Unterschied zur Vertragsstrafe
Obwohl sich die Arrha von der Vertragsstrafe unterscheidet, können in der Ausgestaltung Überschneidungen entstehen. Die Vertragsstrafe setzt jedoch immer eine schuldhafte Nichterfüllung voraus, während die Arrha auch vereinbart werden kann, um ein Rücktrittsrecht abzugelten.
Rechtsfolgen der Arrha
Erfüllung des Vertrages
Wird der Vertrag ordnungsgemäß erfüllt, ist die Arrha regelmäßig auf die Hauptleistung anzurechnen. Soweit nichts anderes vereinbart ist, gilt sie als Teilzahlung (ähnlich der Anzahlung).
Rücktritt vom Vertrag
Kommt es aus Gründen, die im Verantwortungsbereich einer Partei liegen, zum Rücktritt, gelten folgende Rechtsfolgen:
- Rücktritt durch den Geber der Arrha: Die empfangende Partei darf die Arrha behalten.
- Rücktritt durch den Empfänger der Arrha: Die Arrha ist zurückzuerstatten; häufig wird der Rückgabebetrag verdoppelt.
- Unverschuldeter Rücktritt: Gegebenenfalls ist die Arrha zurückzuzahlen bzw. zu verrechnen – oftmals hängt dies vom konkreten Vertragsinhalt ab.
Schadensersatzanspruch
Die Vereinbarung einer Arrha schließt einen weiteren Schadensersatzanspruch nicht zwingend aus, sofern die Parteien keine davon abweichende Regelung getroffen haben.
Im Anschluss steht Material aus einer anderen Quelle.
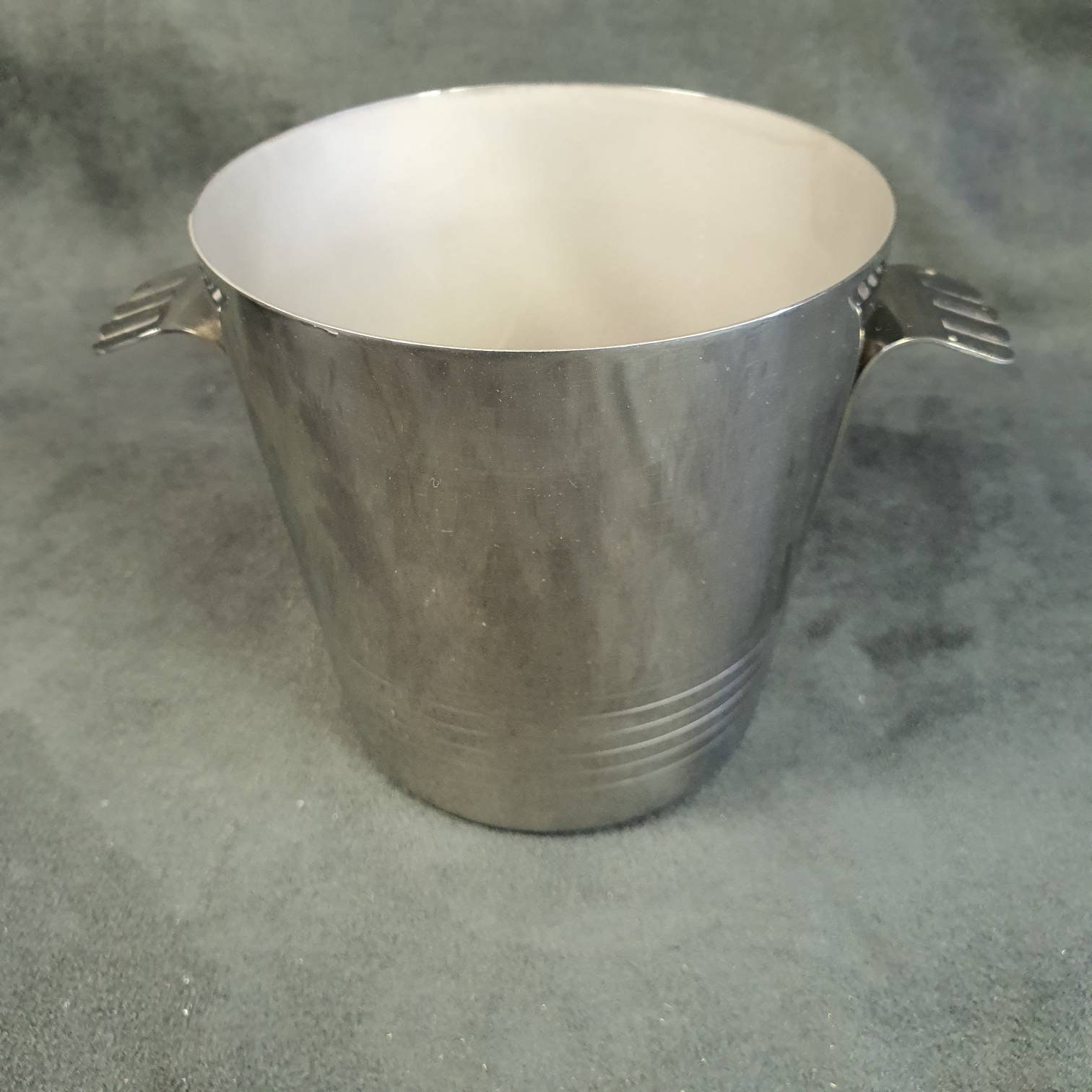 Seau à Glace Vintage Létang Rémy - Inox, Années 1980, Hauteur 21 Cm (occasion France)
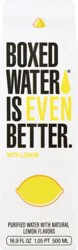 Boxed Water is Better Boxed Water Lemon - 16 oz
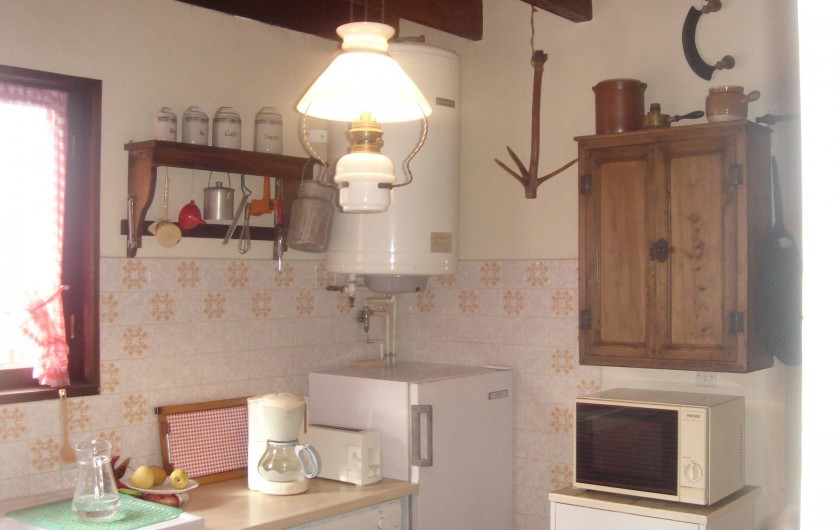 Location de vacances - Chalet à Corrençon-en-Vercors - Vue cuisine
Nach österreichischem Recht wird die Arrha allerdings häufig als pauschalierter Ersatzanspruch vereinbart.
Besonderheiten und Anwendungsbereiche
Verwendung im Immobilienrecht
Vor allem im Immobilienrecht kommt die Arrha als Instrument zur Sicherung der Vertragstreue häufig zum Einsatz. Hier sichert sie dem Verkäufer bei einem Rücktritt des Käufers eine pauschale Entschädigung und erleichtert die Abwicklung.
Typische Klauseln in Verträgen
In Verträgen finden sich oftmals Formulierungen wie „die geleistete Arrha gilt als Angeld gemäß § 908 ABGB“. Derartige Klauseln stellen klar, dass eine besondere Rücktrittsregelung in Form des Arrha-Angeldes getroffen wurde.
Zusammenfassung
Die Arrha ist ein rechtlich anerkanntes Sicherungsmittel im Vertragsrecht, das bei Nichterfüllung oder Rücktritt eine pauschale Entschädigung ermöglicht und vor allem in der Praxis des Immobilienrechts eine bedeutende Rolle spielt. Ihre Rechtsfolgen hängen stark von der konkreten Ausgestaltung sowie den zugrunde liegenden Rechtsvorschriften ab. Während sie im deutschen Recht vorrangig nach allgemeinen Vertragsregeln behandelt wird, bestehen im österreichischen Recht klare gesetzliche Vorgaben zur Handhabung der Arrha. Der Einsatz der Arrha dient vorrangig der Absicherung der Vertragstreue und der Erleichterung einer möglichen Rückabwicklung von Verträgen.